/---

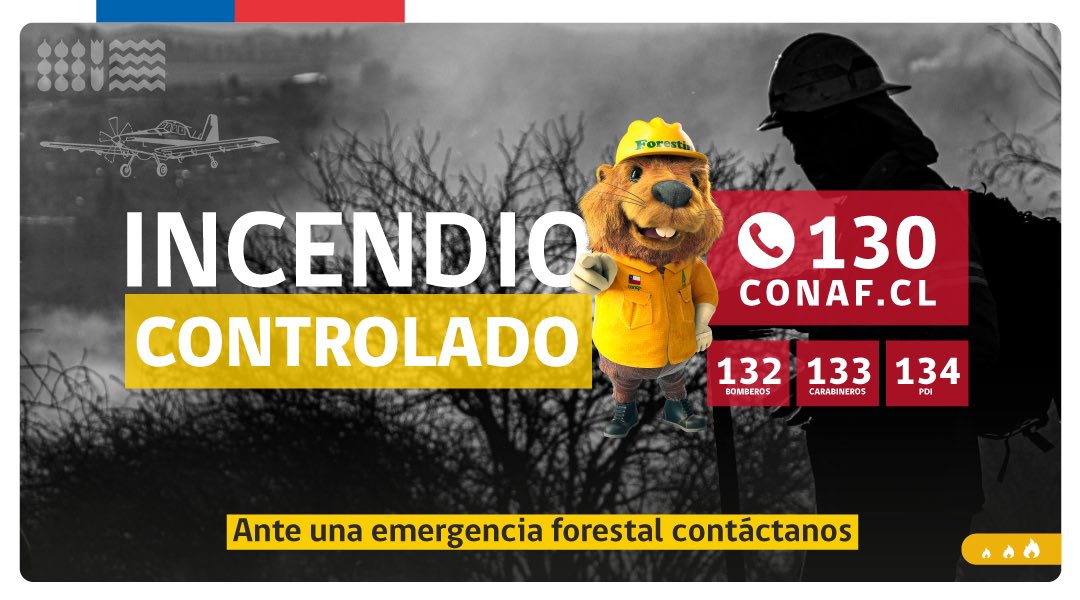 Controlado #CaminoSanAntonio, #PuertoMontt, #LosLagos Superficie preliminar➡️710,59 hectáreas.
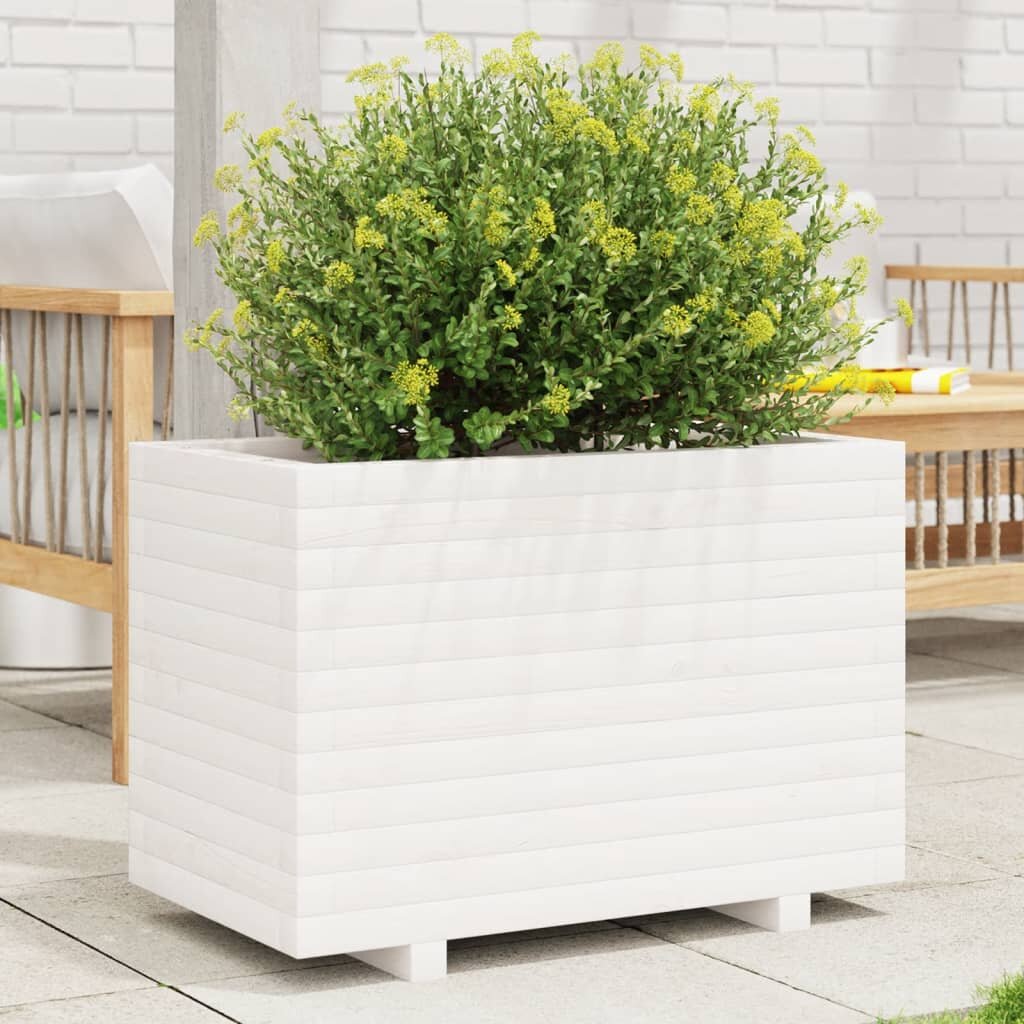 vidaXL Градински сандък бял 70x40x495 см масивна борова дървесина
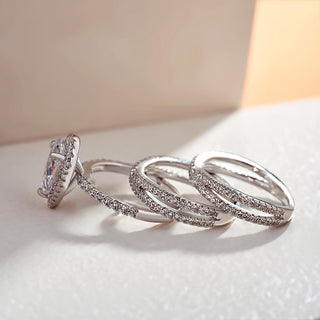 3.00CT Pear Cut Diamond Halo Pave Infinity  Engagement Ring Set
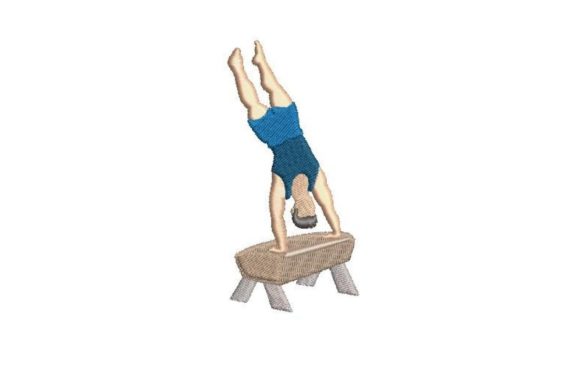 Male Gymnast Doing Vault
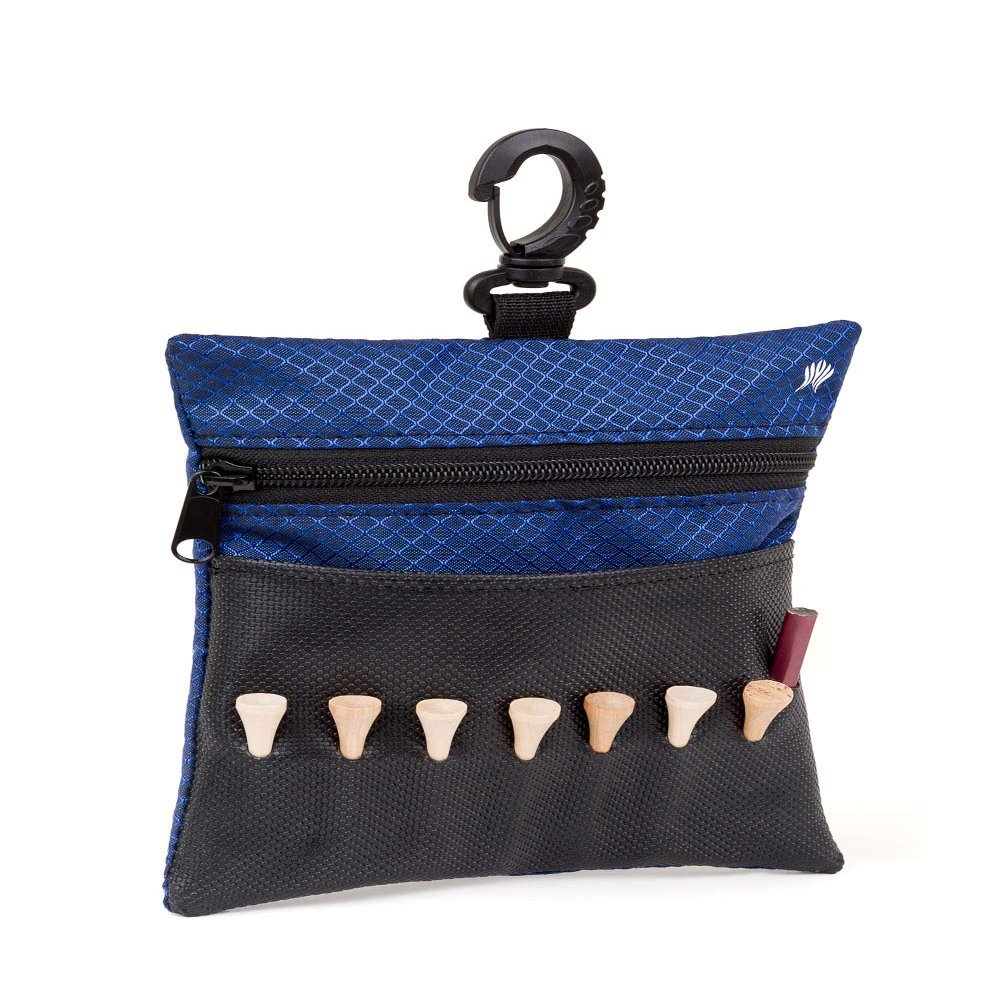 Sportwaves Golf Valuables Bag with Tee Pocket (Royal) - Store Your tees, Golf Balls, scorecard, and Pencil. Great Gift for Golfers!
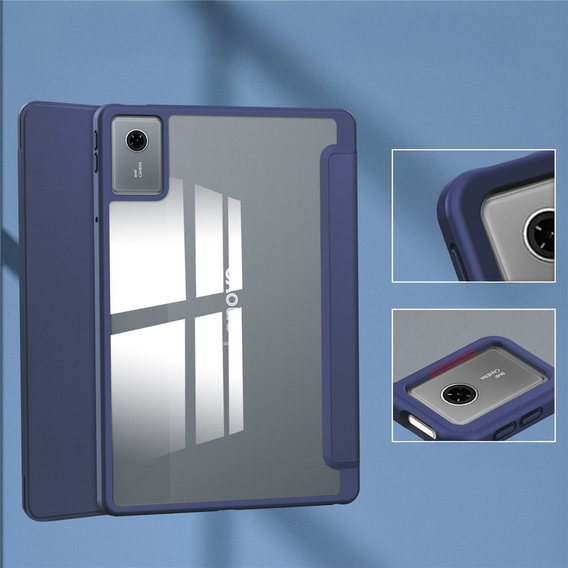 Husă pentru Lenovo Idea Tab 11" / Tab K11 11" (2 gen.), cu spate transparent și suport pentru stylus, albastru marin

\---

_Your objective:_ Copy out the lines exactly as written, beginning with the one that contains "Sportwaves Golf Valuables" and ending with the last line of the material; do not include pictures.

_Response for this exercise:_
 Sportwaves Golf Valuables Bag with Tee Pocket (Royal) - Store Your tees, Golf Balls, scorecard, and Pencil. Great Gift for Golfers!
 Husă pentru Lenovo Idea Tab 11" / Tab K11 11" (2 gen.), cu spate transparent și suport pentru stylus, albastru marin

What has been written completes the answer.